R: Bulk fitting of Reco and GPP models

reco.bulk {flux}

R Documentation

Bulk fitting of Reco and GPP models

Description

The function allows for bulk fitting of R_{eco} and GPP models with the respective functions reco and gpp. This is often appropriate because data are gathered over a season, a year or longer...

Usage

reco.bulk(formula, data, INDEX, window = 1, hook = "mean", remove.outliers = FALSE, 
fall.back = TRUE, ...)

gpp.bulk(formula, data, INDEX, window = 1, hook = "mean", oot.id = c("D", "T"), 
min.dp = 5, Reco.m = NULL, ts.Reco = NULL, fall.back = TRUE, ...)

Arguments

`formula`	An object of class "`formula`" (or one that can be coerced to that class): a symbolic description of the terms that are used in bulk `R_{eco}` and GPP model fitting. Choices of terms are more restricted than typically (see details). For instance, a timestamp always has to be provided. Also, temperature variables are required for `gpp.bulk` if `R_{eco}` values are predicted from models.
`data`	A data frame (or an object that can be coerced to that class by `as.data.frame`) containing at least all the 'model' terms specified in `formula`.
`INDEX`	A vector of length `nrow(data)` that is used to extract and compile data, for instance according to measurement campaign in the field.

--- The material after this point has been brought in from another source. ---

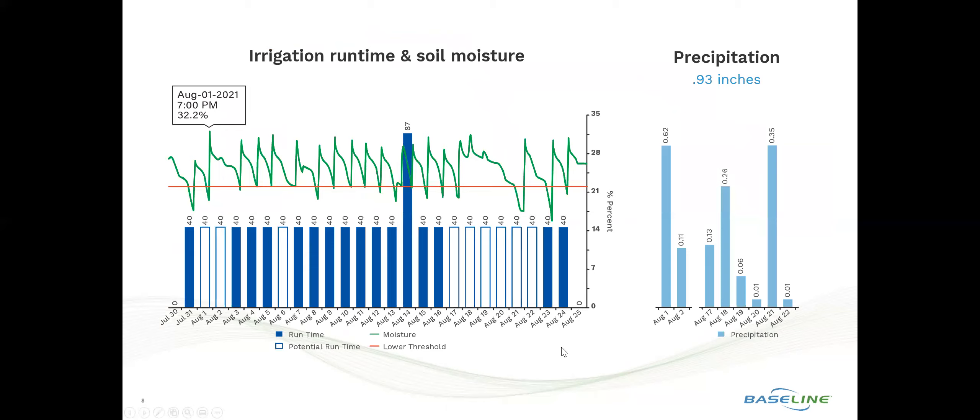Looking at it graphically, this is a real-time 30-day period operation graph that shows irrigation events identified as blue columns, potential irrigation events identified by white columns, precipitation events indicated by light blue columns, and the real-time soil moisture sensor data indicated by the green line.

Internally `split` is used with `f = INDEX` to create a list of `data.frame`s of which each contains all flux measurements for one model.
`window`	Both functions can fit the respective models across a moving window of adjacent `INDEX` values. Not advisable for GPP while `R_{eco}` modelling can really profit because more data points often lead to better models.
`hook`	Character string specifiying the kind of summary statistics used to fix a date and time to which the fitted model shall refer. Up to now this is simply achieved by doing one of these summary statistics on the timestamp: `mean`, `min`, `max` or `median`.
`remove.outliers`	Logical. If `TRUE` the function searches for outliers in the data points of the `R_{eco}` models and eliminates them. Per model the `boxplot.stats` of the residuals are obtained and if outliers are present they are eliminated and the model is fitted again. This is done twice. If the function fails in fitting the model to the new data set it falls back to the original data.
`oot.id`	Vector of length 2 that specifies which of the flux values derive from opaque (first value, i.e. `R_{eco}` measurements) and which derive from transparent (second value, i.e. NEE measurements) chamber measurements when `data` contains both. This is one of several approaches to GPP modeling here. See details.
`min.dp`	Numeric. Specifies the minimum number of data points that are accepted per model. Defaults to 5 which is already quite a small number.
`Reco.m`	Either an object of class "`reco`" resulting from `reco` with one `R_{eco}` model or an object of class "`breco`" resulting from `reco.bulk` with several `R_{eco}` models or a vector with estimated half hourly or hourly (or whatever interval you have) `R_{eco}` values. In case of the latter `ts.Reco` has to be specified as well because it is also used as a switch between internal `R_{eco}` modeling and assigning existing `R_{eco}` values. See details.
`ts.Reco`	POSIXlt or POSIXct vector with timestamps of the fluxes in `Reco.m`. Further, the default (`ts.Reco` = NULL) lets the function expect model object(s) in `Reco.m`.
`fall.back`	Logical. When TRUE the function falls back to linear mean models when the non linear approach did not work out (for `reco.bulk`: the slope of the linear relationship between Reco and temperature is < 0; for `gpp.bulk`: either no model could be fit or the starting slope parameter `alpha` is > 0). To do so a virtual data set is created with 50 random `GPP` values that have the same mean and sd as the original data and with a sequence of 50 `PAR` values spanning from 0 to 2000. A linear model is fit to these data with `lm(GPP ~ PAR)`.
`...`	Further arguments passed to `reco` or `gpp` e.g., the method for fitting the model when not using the respective defaults.

Details

Models are - comparable to regression models - specified symbolically. Accordingly, the basic form is response ~ terms with response always referring to CO_2 exchange rates. For terms requirements differ between the two methods. In contrast to other formulae the response and all terms have to be in data.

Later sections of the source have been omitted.